[Peace-discuss] P.S.

John W. jbw292002 at gmail.com
Sun Feb 7 15:16:09 CST 2010


On Sun, Feb 7, 2010 at 9:48 AM, C. G. Estabrook <galliher at illinois.edu>wrote:


> [1] As you know, the terms Left and Right as political shorthand began in
> the French Legislative Assembly of 1791, when the king was still the head of
> state, and the "the party of movement" sat on the (stage) left side of the
> room, "the party of order" on the right.  Thus metaphorically the further
> left you go, the more democratic you become; the further right, the more
> authoritarian. (That would mean of course that Lenin was a right-wing
> Marxist, in contrast to left-wing Marxists like Rosa Luxemburg.)
>
> Chomsky is on the left because he doesn't share your contempt for the
> majority, as his piece indicates. Limbaugh, an apologist for power,
> specifically the power of money, is surely on the right.  And of course he
> has people who agree with him, some of whom are quite conscious of what he's
> doing.
>
> If you count the number of people enlightened by Chomsky's writings - or
> even the crowds that show up for his talks - I think you could say that he's
> organized quite a large number, as has Limbaugh.

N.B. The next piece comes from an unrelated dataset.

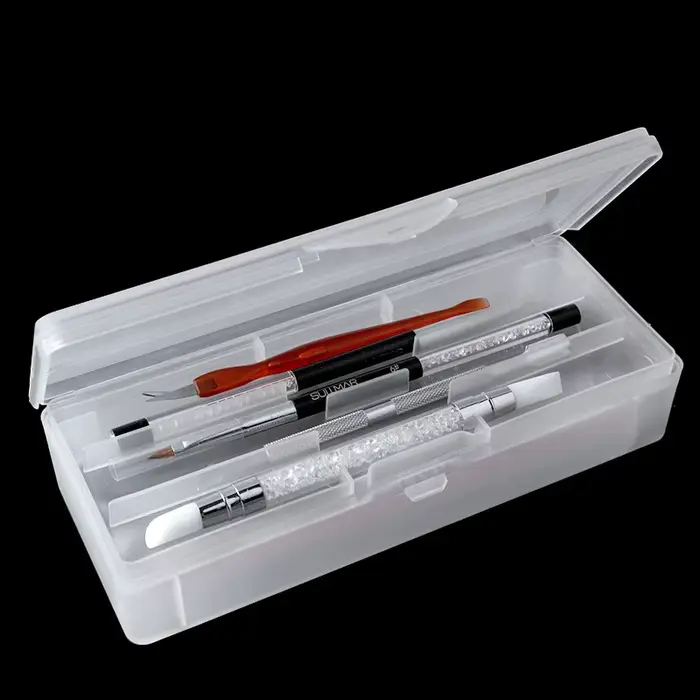 Outil rectangulaire Double couche pour Nail Art, boîte de rangement vide, pincettes, stylos, polissa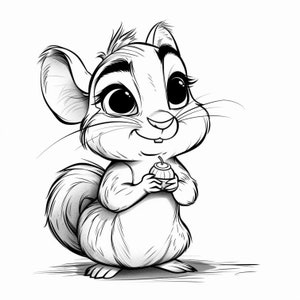 Chipmunk Cartoon Black and White  Bundle 2   96 Digital Line Art Ai  Svg-Png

Organized them to accomplish what specific goals, exactly?




>   What Chomsky argues in this piece is that we shouldn't leave the people
> you despise to be organized by Limbaugh.
>

Just for the record, Carl, I don't "despise" the fellahin.  I just
mingled so much sweat and blood with 'em over so many years that I
understand 'em, and I don't desire their company all that often.  Like you,
I care deeply that they have as much justice and equality of opportunity as
this world allows.  Unlike you, I actually know how they think.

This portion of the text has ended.